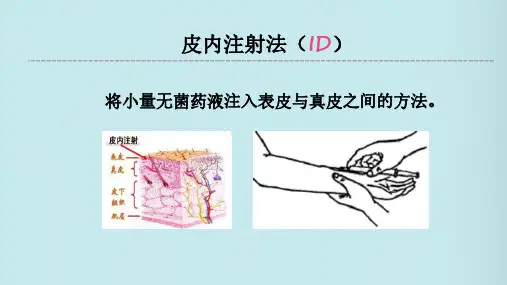 皮内注射法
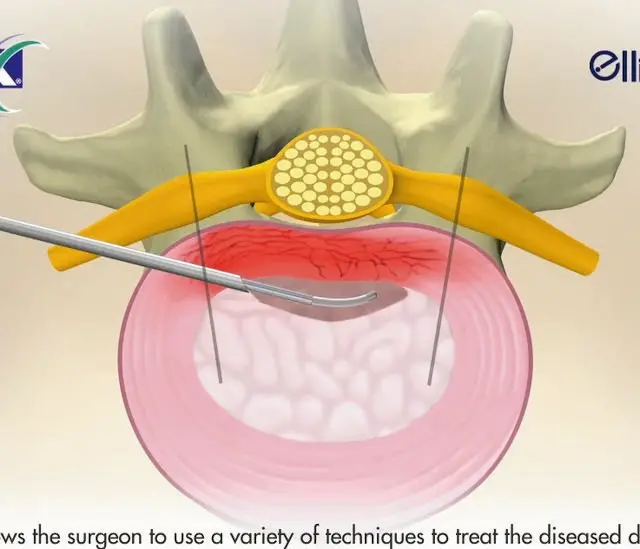 Bonss Microsurgery Spine Surgical System For Rf Bipolar Ablation Plasma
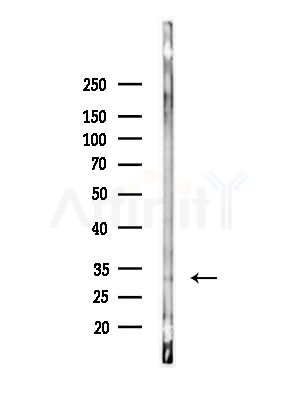 Phospho-DARPP32 (Thr34) Antibody - Western blot analysis of lysates from COLO205 cells(heat-shock,45min treatment), using Phospho-DARPP32 (Thr34) Antibody at 1/1000 dilution.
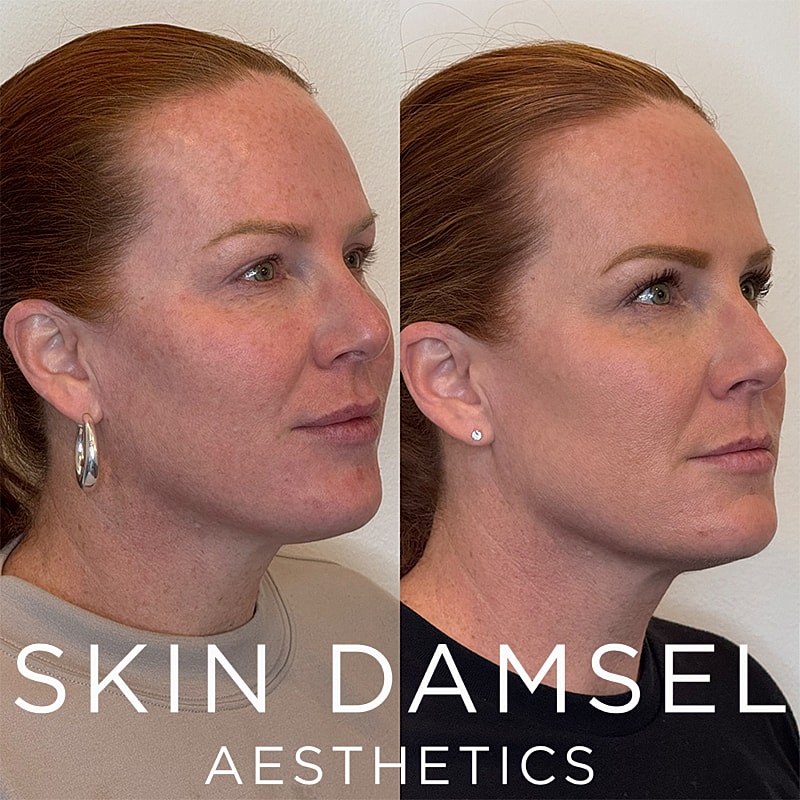 BBL Laser Gallery Before & After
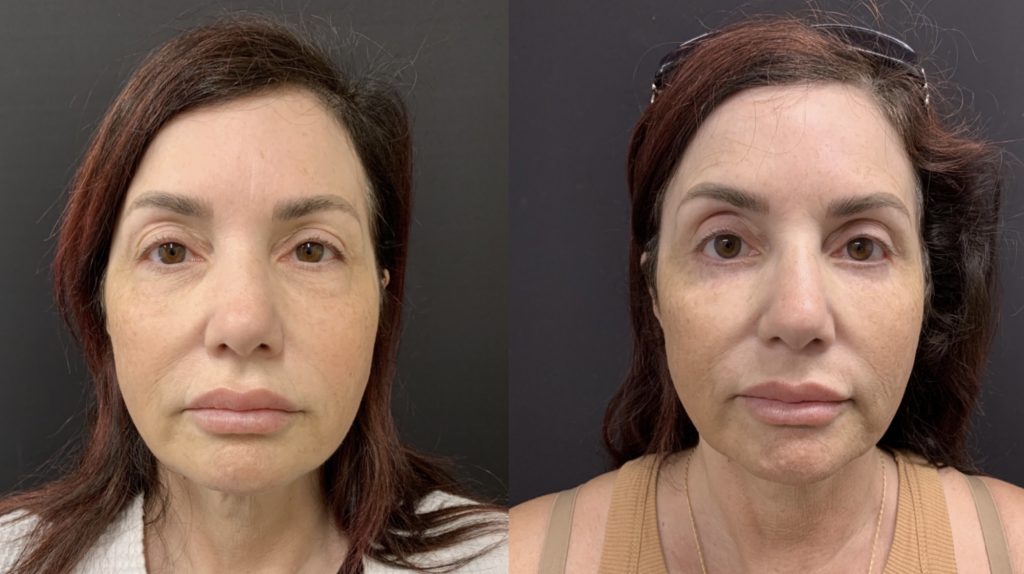 LOWER BLEPHAROPLASTY – LOWER EYELID SURGERY Before & After Case Number 00014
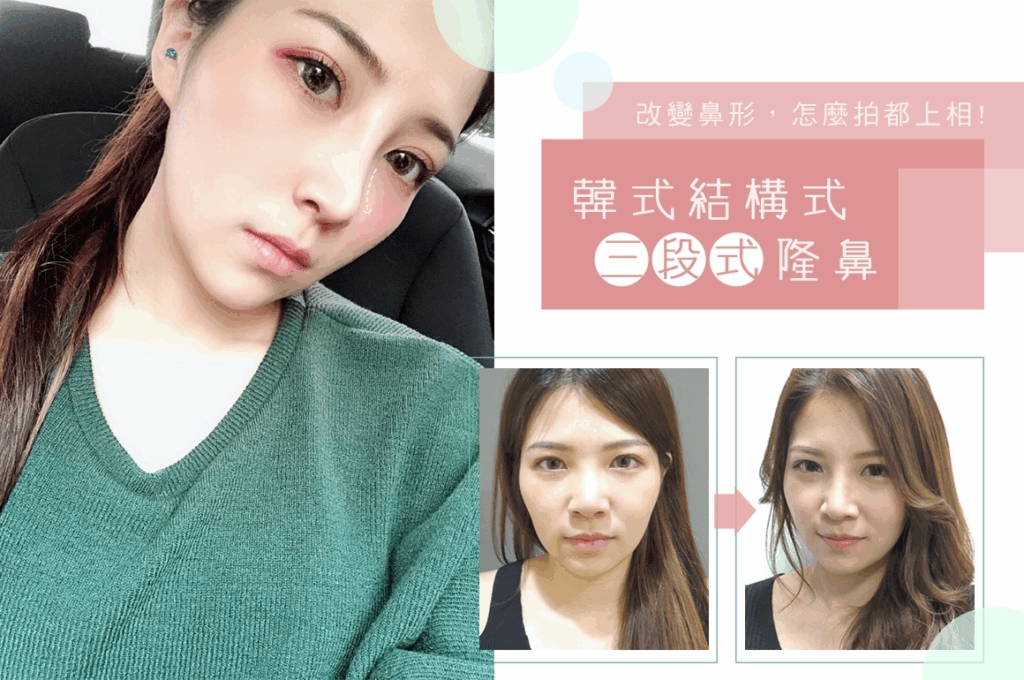 Case1 複合式隆鼻, 三段式隆鼻 (Pureform+自體肋骨)－進階版韓式隆鼻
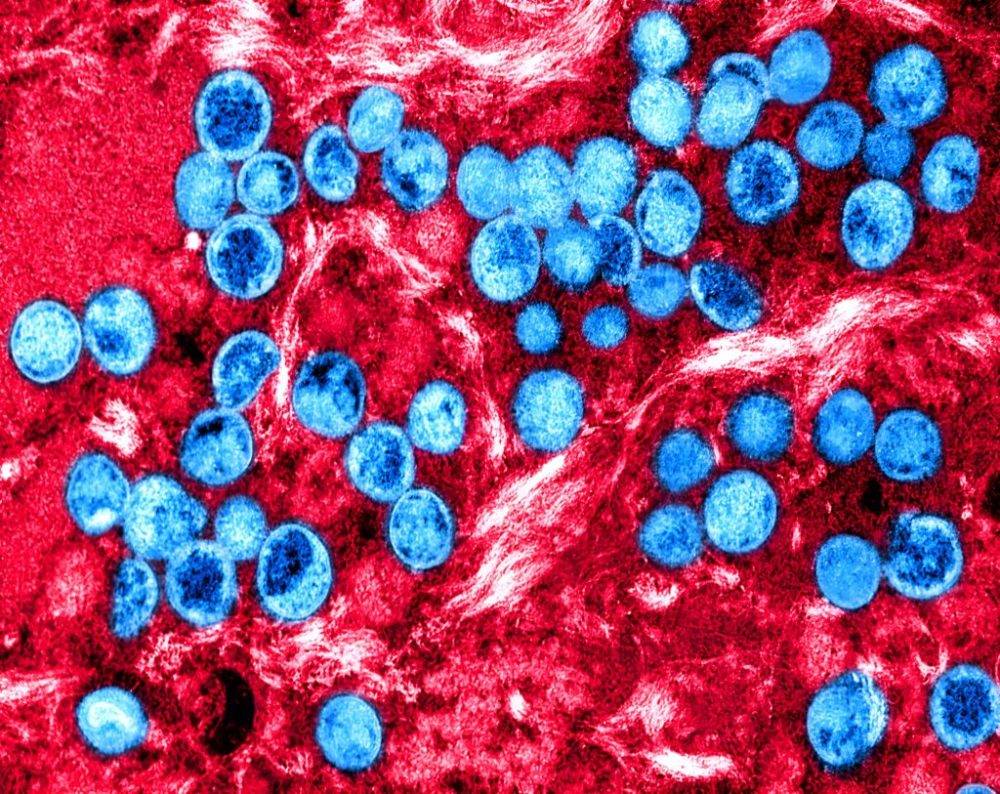 Government says mpox is under control but cites Covid-19 pandemic in urging caution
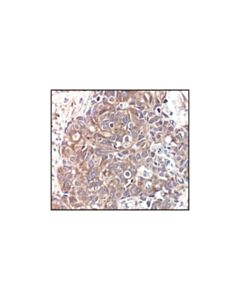 Cell Signaling Alpha/Beta-Tubulin Antibody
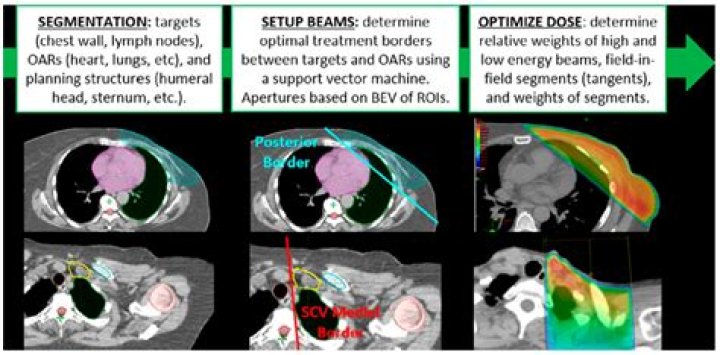 2D Radiotherapy Planning PDF: Accurate Treatment Design for Patients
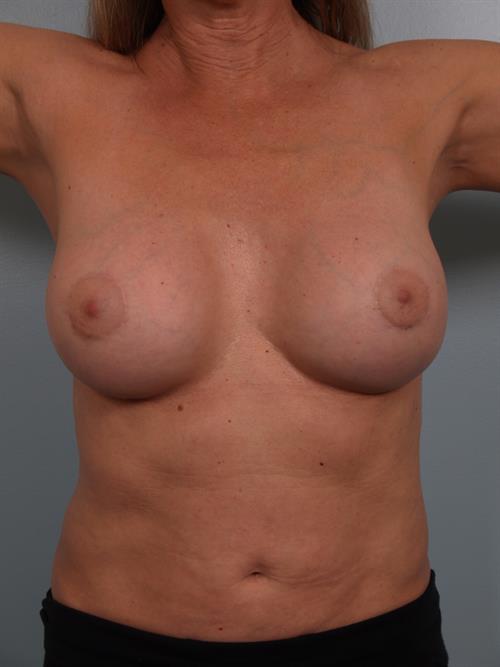 Revision Breast Surgery After Photo | Phoenix and Scottsdale, AZ | Scottsdale Center for Plastic Surgery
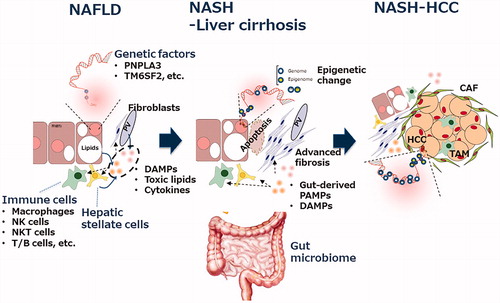 Figure 1. Multifaceted mechanisms in the progression from steatosis to fibrosis/cirrhosis/HCC in non-alcoholic fatty liver disease. The major players involved in the pathogenesis of NAFLD/NASH are shown. The details are described in the text. CAF: cancer-associated fibroblasts; DAMPs: danger-associated molecular patterns; HCC: hepatocellular carcinoma; NAFLD: non-alcoholic fatty liver disease; NASH: non-alcoholic steatohepatitis; PAMPs: pathogen-associated molecular patterns; TAM: tumor-associated macrophage.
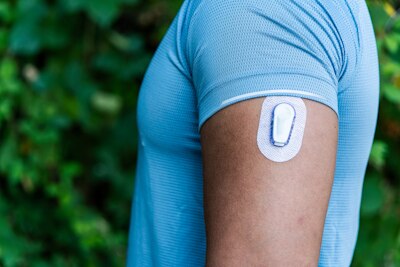 Athlete with Continuous Glucose Monitor Transmitter Adhered to Arm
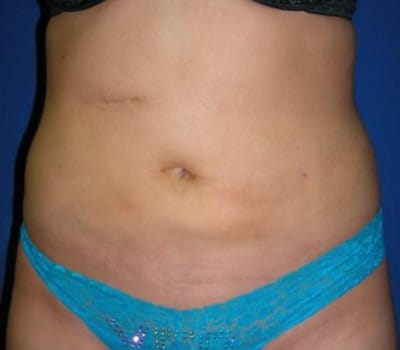After Image: 6 Weeks Post-Op S/P Lipo - other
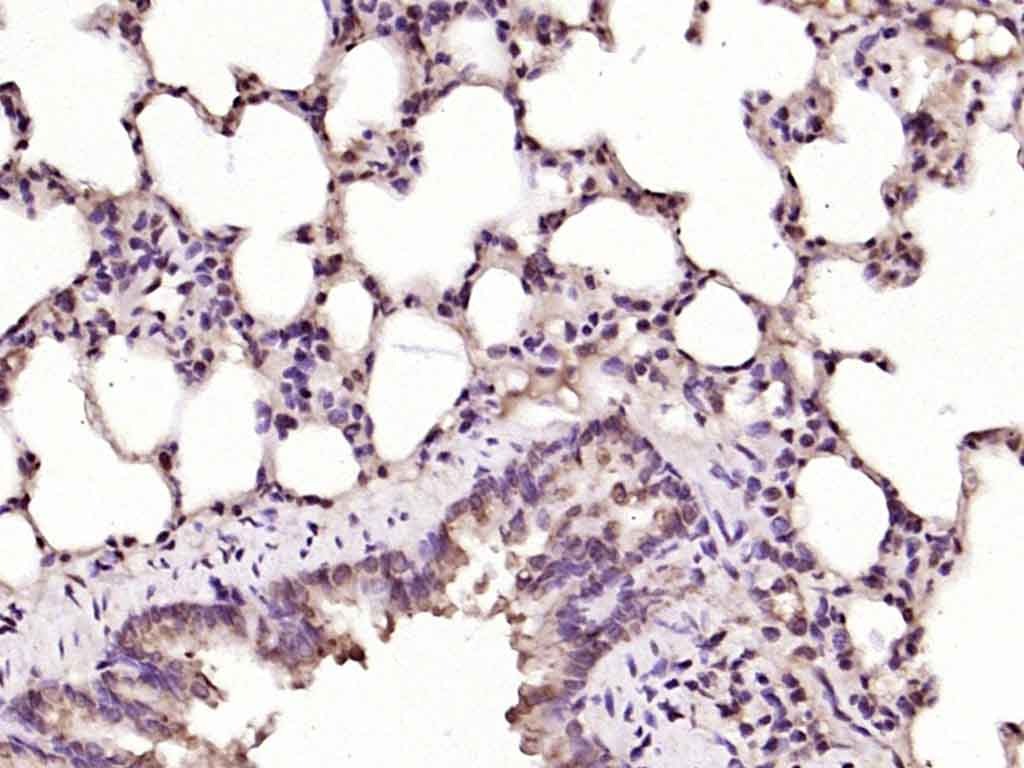 Anti-Ferritin heavy chain 1/FTH1 Polyclonal Antibody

◇ ◇ ◇

> **PROMPT**: Exercise for the records above: copy only the lines from the one with "Government says mpox" to the one with "Revision Breast Surgery", both ends kept, and drop the pictures.

> **RESULT BELOW**:
 Government says mpox is under control but cites Covid-19 pandemic in urging caution
 Cell Signaling Alpha/Beta-Tubulin Antibody
 2D Radiotherapy Planning PDF: Accurate Treatment Design for Patients
 Revision Breast Surgery After Photo | Phoenix and Scottsdale, AZ | Scottsdale Center for Plastic Surgery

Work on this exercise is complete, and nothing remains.